* Caption-style text data *
++++++++
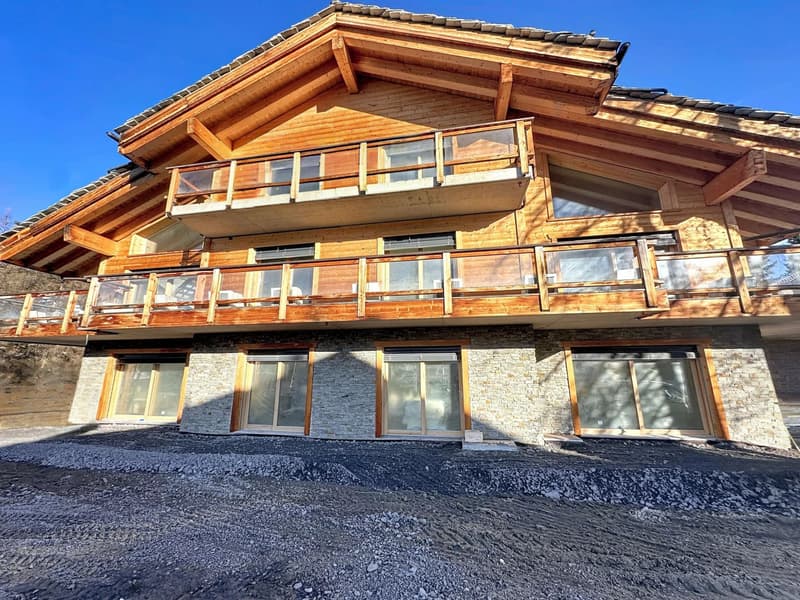 Duplex of exceptional Alpine charm (13)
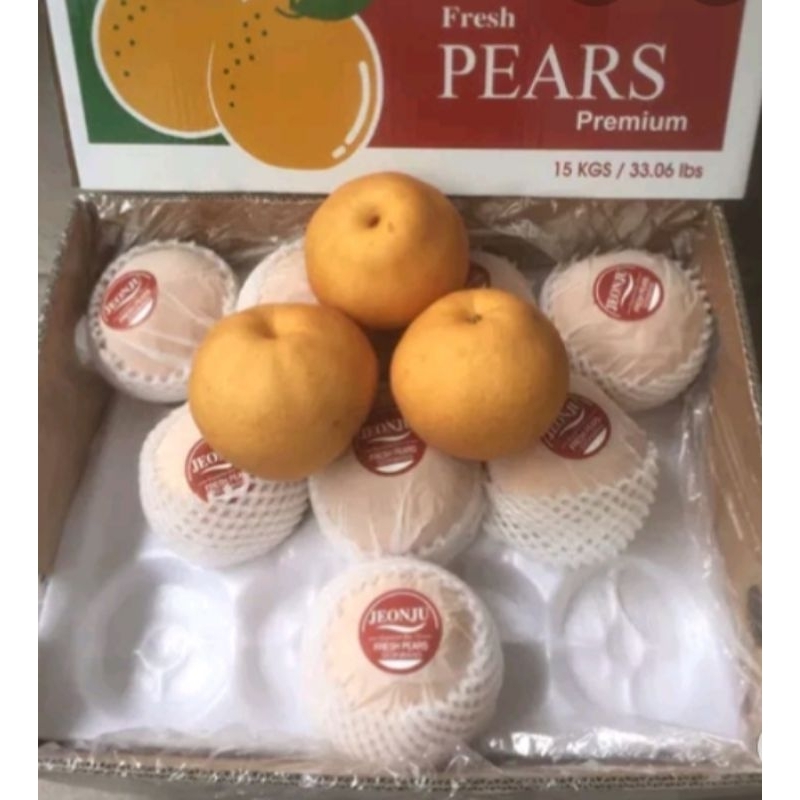 Buah pear pir singo Korea 1Dus fresh import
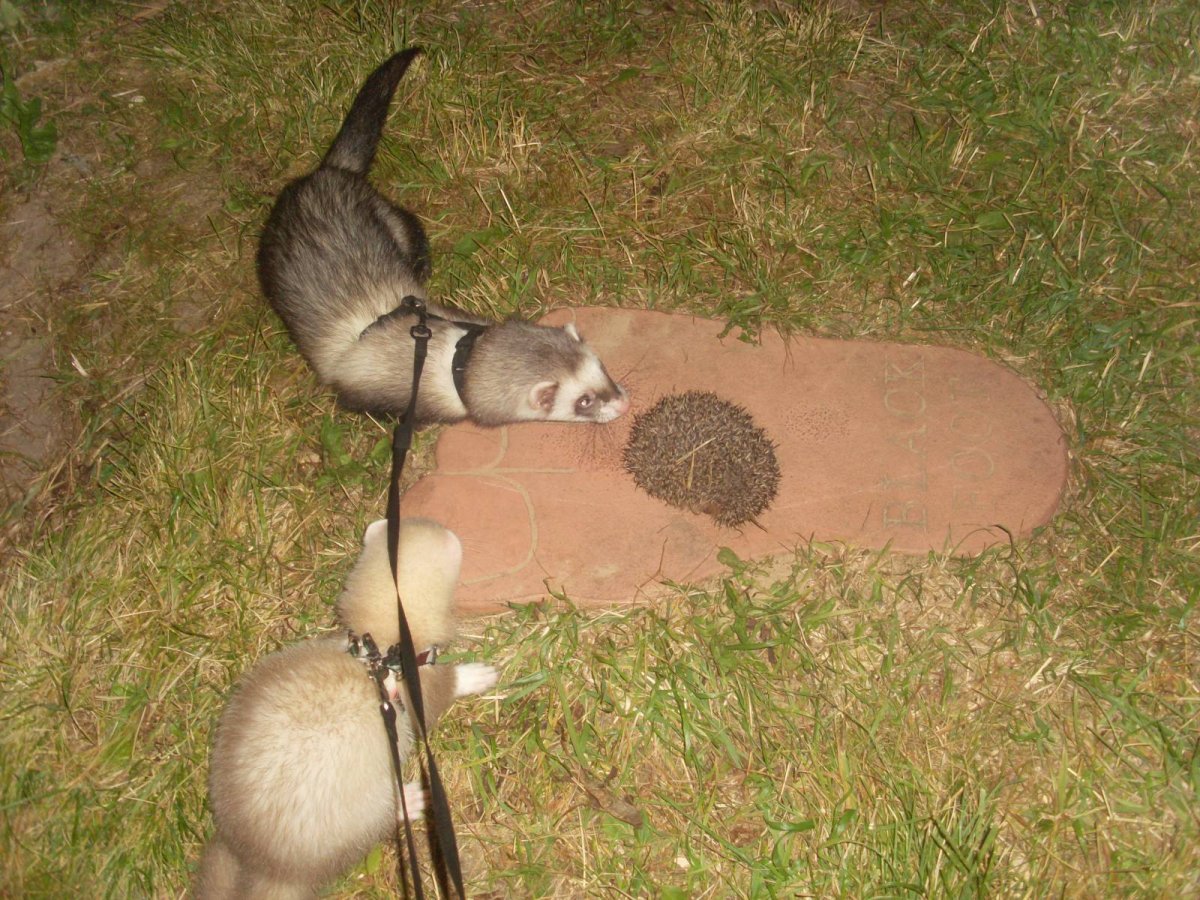 Ежик на охоте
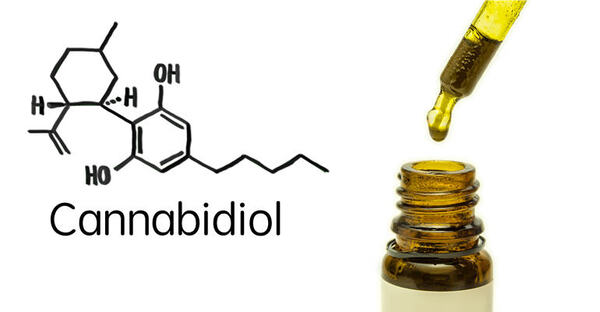 Canadian Cannabis Industry Needs Better CBD Regulations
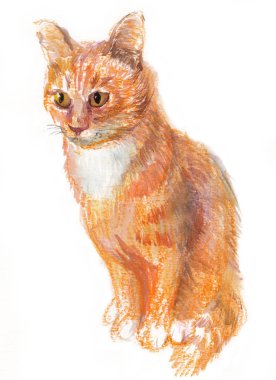 Kırmızı kedi bir resimle çizim suluboya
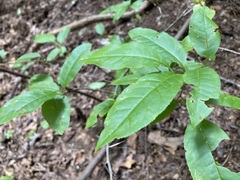 Oxydendrum arboreum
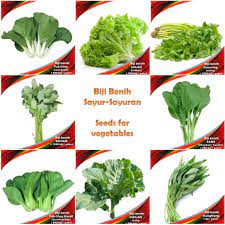 Sementara sebagian lainnya harus diolah terlebih dahulu dengan cara direbus, dikukus, digoreng. Biji Benih Sayur Sayuran Vegetables Seeds Shopee Malaysia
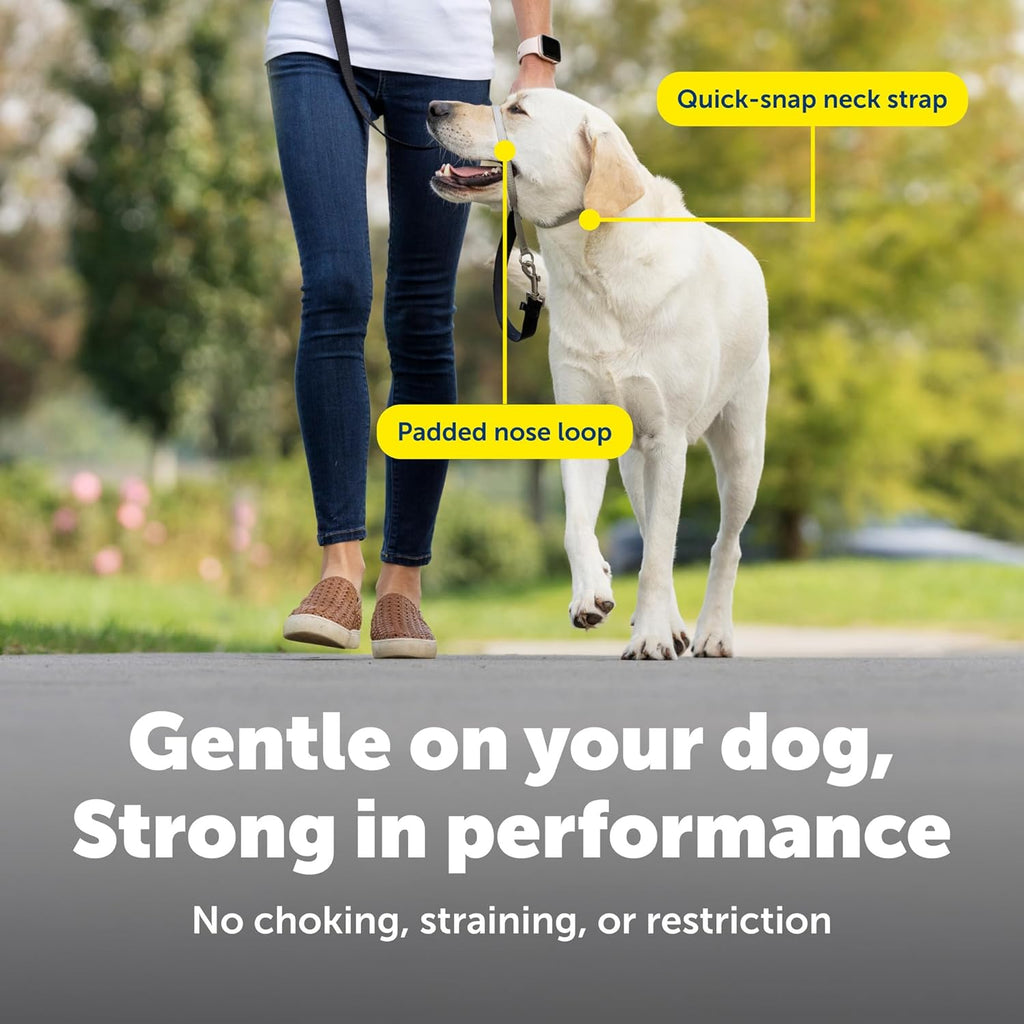 PetSafe Gentle Leader No Pull Dog Headcollar, Royal Blue, Medium | Veterinary Behaviorist-Designed No-Pull Headcollar Redirects Pulling Instinct, Padded Neoprene Nose Loop, Quick-Snap Fit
++++++++
* About this exercise *
Return each record exactly as given, excluding any image.

* Expected answer *
 Duplex of exceptional Alpine charm (13)
 Buah pear pir singo Korea 1Dus fresh import
 Ежик на охоте
 Canadian Cannabis Industry Needs Better CBD Regulations
 Kırmızı kedi bir resimle çizim suluboya
 Oxydendrum arboreum
 Sementara sebagian lainnya harus diolah terlebih dahulu dengan cara direbus, dikukus, digoreng. Biji Benih Sayur Sayuran Vegetables Seeds Shopee Malaysia
 PetSafe Gentle Leader No Pull Dog Headcollar, Royal Blue, Medium | Veterinary Behaviorist-Designed No-Pull Headcollar Redirects Pulling Instinct, Padded Neoprene Nose Loop, Quick-Snap Fit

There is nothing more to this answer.